Coming into the wharf last Sunday I was distracted by massive humpback whales blowing and breaching clear out of the water. Every year a half dozen of the mammoth mammals gather off the island to rear their young before starting back to the frigid arctic waters where they live. Locals and tourists alike gather along the coral beaches to watch their antics during the few weeks they are here.
The island itself is mountainous with many peaks and jagged ridges rising a few thousand feet above the sea. The semi-tropical environment supports a lush green jungle that is in deep contrast to the deep blue sea surrounding the island just past the coral barrier reef. The lagoon is very shallow and the aquamarine ribbon rings the island providing great swimming and snorkeling.

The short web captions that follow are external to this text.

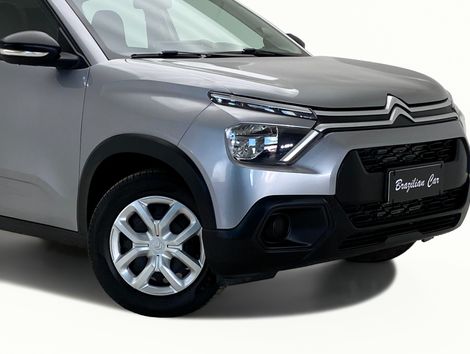 Citroën C3 Live Pack 1.0 Flex 6V 5p Mec.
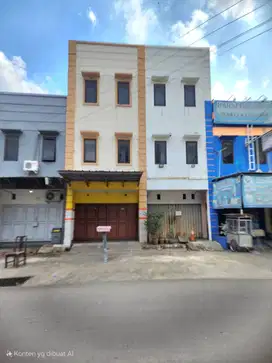 Ruko 3 Lantai Ex Warteg di Villa Pekayon Bekasi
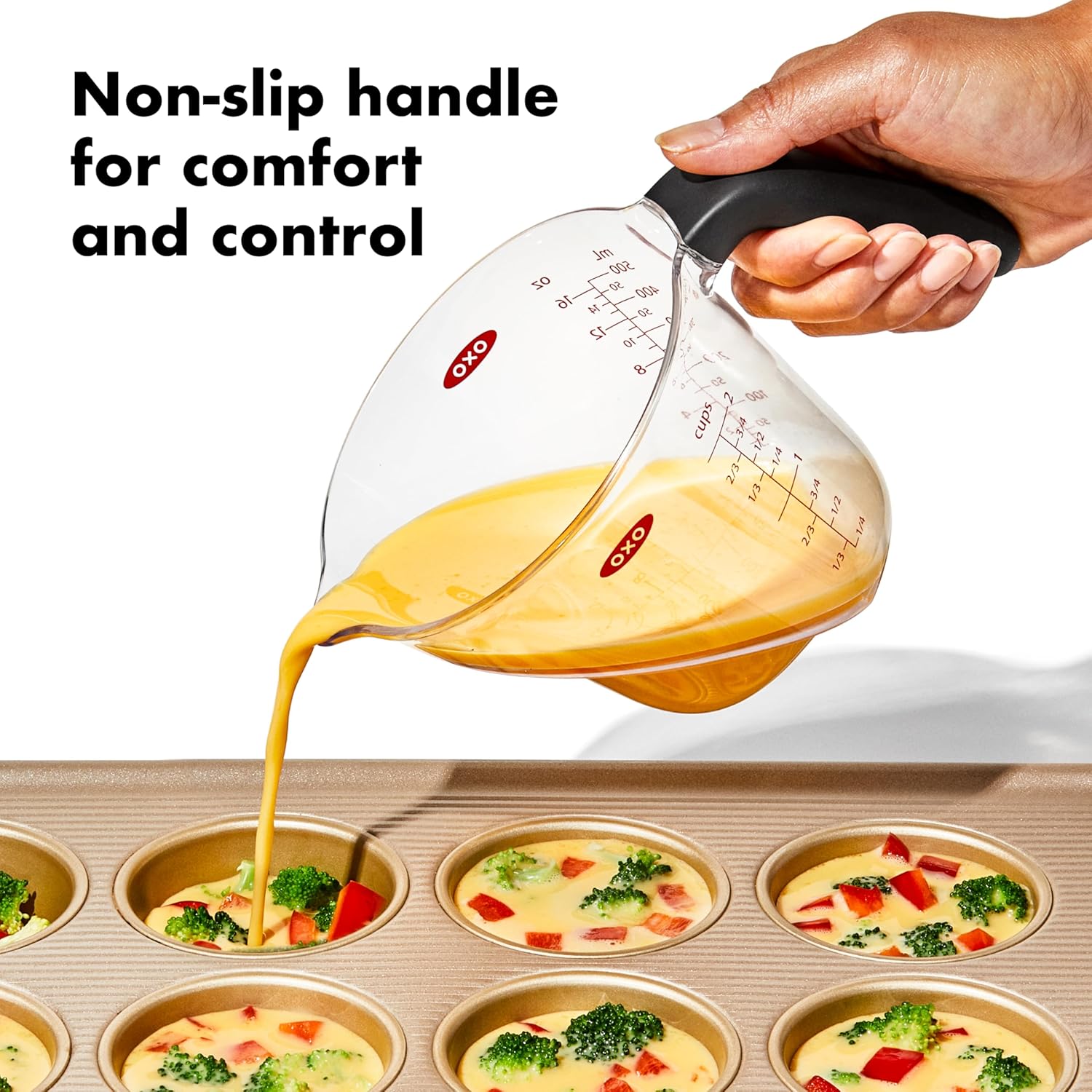 OXO Good Grips 2-Cup Angled Measuring Cup 1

The Cook Island people continue to show the extreme hospitality of the Polynesian people and here there is no language barrier. The people, economy, and culture are heavily influenced by New Zealand and I can't help but smile when I hear the heavily kiwi accented, "hey, how ya goin". The people are almost universally gregarious and have a strong love for their cold beer and parties. Every night brings out the locals for happy hour and live music. It has become a very easy place to pass the time.
The passage from Bora Bora took a little over five days as the winds died two days out from the island. I kicked the old motor on and began the long slow motor. Just one day out the my five year old batteries gave up the ghost by blowing their tops and melting off one of the terminals. They were shot beyond hope of repair. On arrival I rented a little 250 cc motorbike and began the hunt for some new deep cycle batteries. Of five automotive stores on the island only one imported deep cycle batteries. $940 USD later I have a new 420 amp hour bank, but it is a big shot to the cruising kitty. Oh well, had to be done.
I've got the little bike until Wednesday and still want to tour the island a bit more and do a hike right across the center to the South side. Come Thursday or Friday I'll try to depart for Palmerston Atoll some 270 miles to the Northwest. My Pacific cruise is coming to an end and I am ready for it. Having visited Palmerston, Nuie, and Tonga I'll head for New Zealand around the 1st of November to wait out the cyclone season and prepare the boat for SE Asia.